Soldiers of a Eurocorps detachment raise the European Union flag to mark the inaugural European Parliament session on June 30, 2014, in front of the European Parliament in Strasbourg, eastern France.

David Cameron will fail to secure any meaningful European Union (EU) renegotiation on behalf of Britain in advance of the country’s referendum on membership, unless he openly supports the idea of a unified EU army, according to German Chancellor Angela Merkel.

Mr Cameron had to make the concession of an EU referendum ahead of the British general election in May, even though he is on the record as having said he didn’t want do it. The Conservative Party was concerned over the rise of UKIP in 2015, and the promise of the referendum was seen as a way to stifle the party’s growth.

But he predicated the referendum on a “renegotiation” first – an idea that has been roundly ridiculed by Eurosceptics who believe that the EU project is fundamentally unalterable.
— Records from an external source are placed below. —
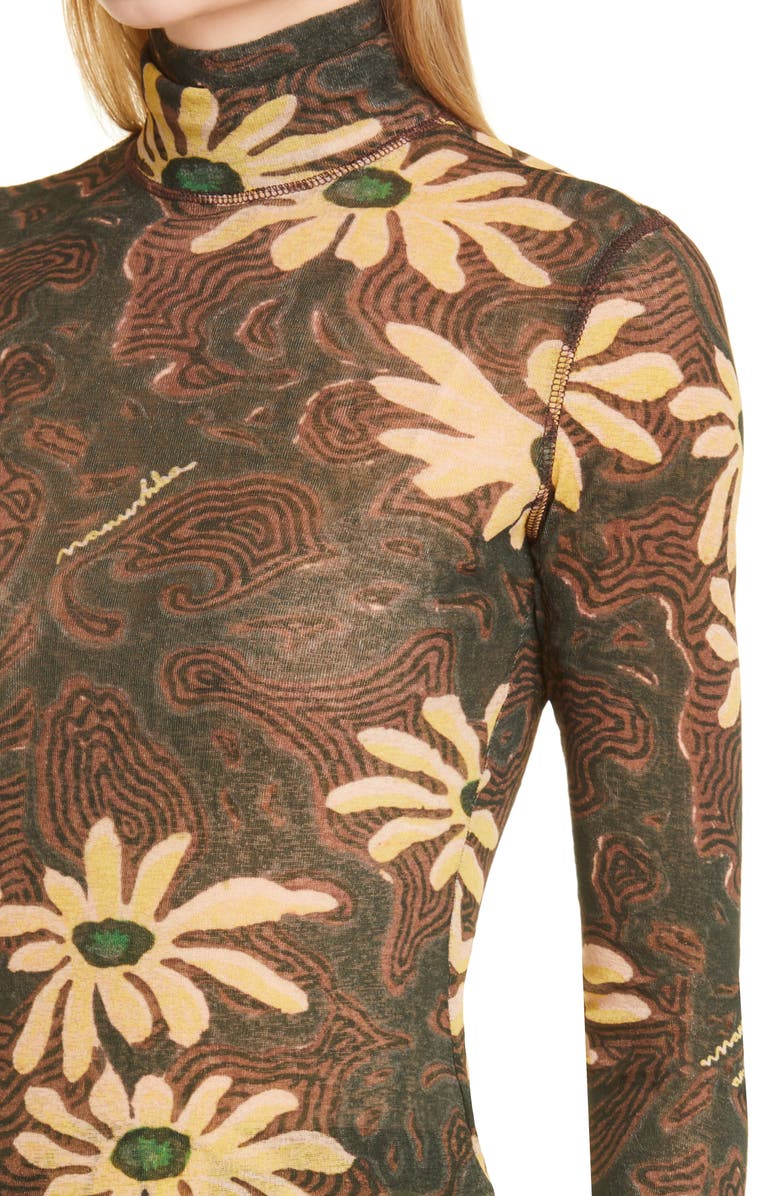 Nanushka Harri Floral Print Turtleneck Top, Alternate, color, 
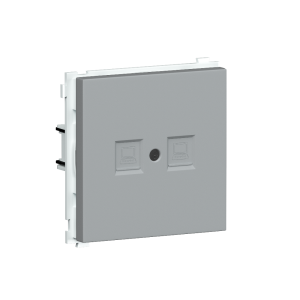 Розетка встраиваемая телефонная двойная Donel R98 RJ11 + RJ11 Серый матовый DA14400-DA86940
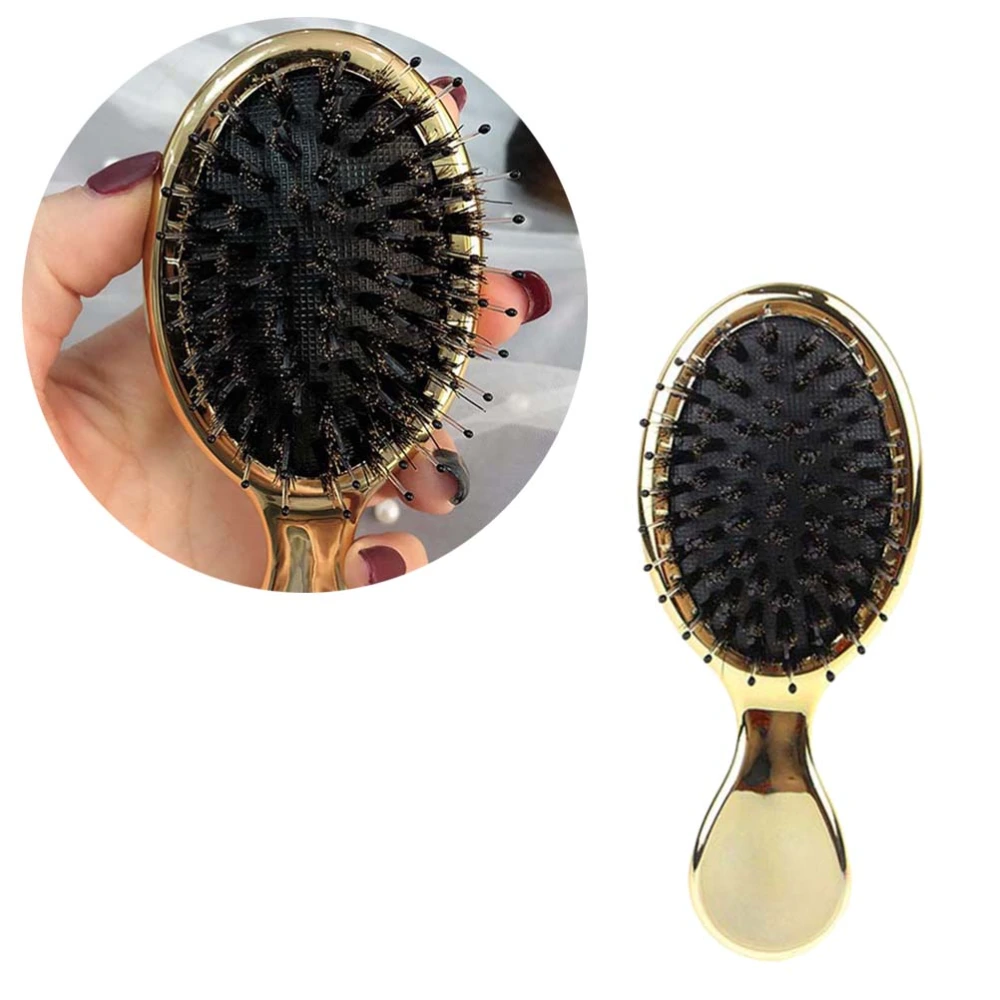 1PC Mini Hair Scalp Brushes Handle Bristle Air Cushion Brush Head Scalp Massage Comb (Golden)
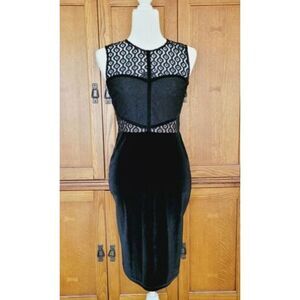 Le Chateau Women's Black Lace & Velvet Sleeveless Midi‎ Dress. Size XS
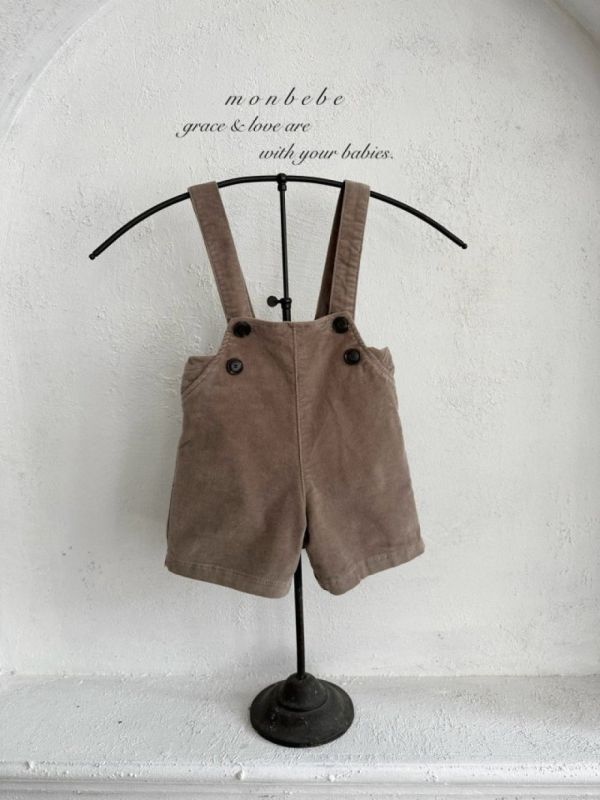 復古小工匠質感燈芯絨吊帶短褲 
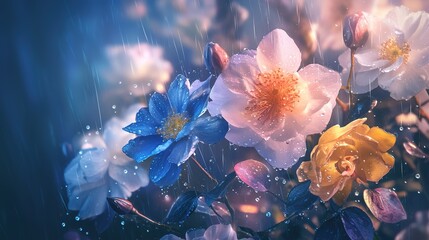 Beautiful flowers with water drops  ,Generative ai,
Now the German Chancellor has underscored that futility, by demanding Mr Cameron support Europe-wide army integration in exchange for any changes to Britain’s EU membership. For the past few years, the British political establishment claimed there were no plans for an EU army. The first major flashpoint of such a debate came in 2014, when UKIP leader Nigel Farage debated then Liberal Democrat Deputy Prime Minister ahead of the European elections.

Mr Clegg called the idea a “fantasy” that was “simply not going to happen”– a description which was soon debunked as it became clear at an EU Army was in fact in the plans of major EU bureaucrats.

The Telegraph quotes a Berlin source who said that Mrs Merkel’s defence plans would be a “favour” she would seek from Mr Cameron during the renegotiation process.

“If you want favours, you have to give favours,” the source told the paper.

“If Cameron wants a ‘flexible Europe’, he must let other members integrate further. Yes – opt out, opt out, opt out – and then shut up.”

A 10 point plan, thought to be sourced from Merkel’s CDU party said the Chancellor wants: “a permanent structured and coordinated cooperation of national armed forces in the medium term.

“In the long run, this process should according to the present German coalition agreement lead also to a European Army subject to Parliamentarian control.”

It adds: “In the framework of NATO, a uniform European pillar will be more valuable and efficient for the USA than with the present rag-rug characterised by a lack of joint European planning, procurement, and interoperability.”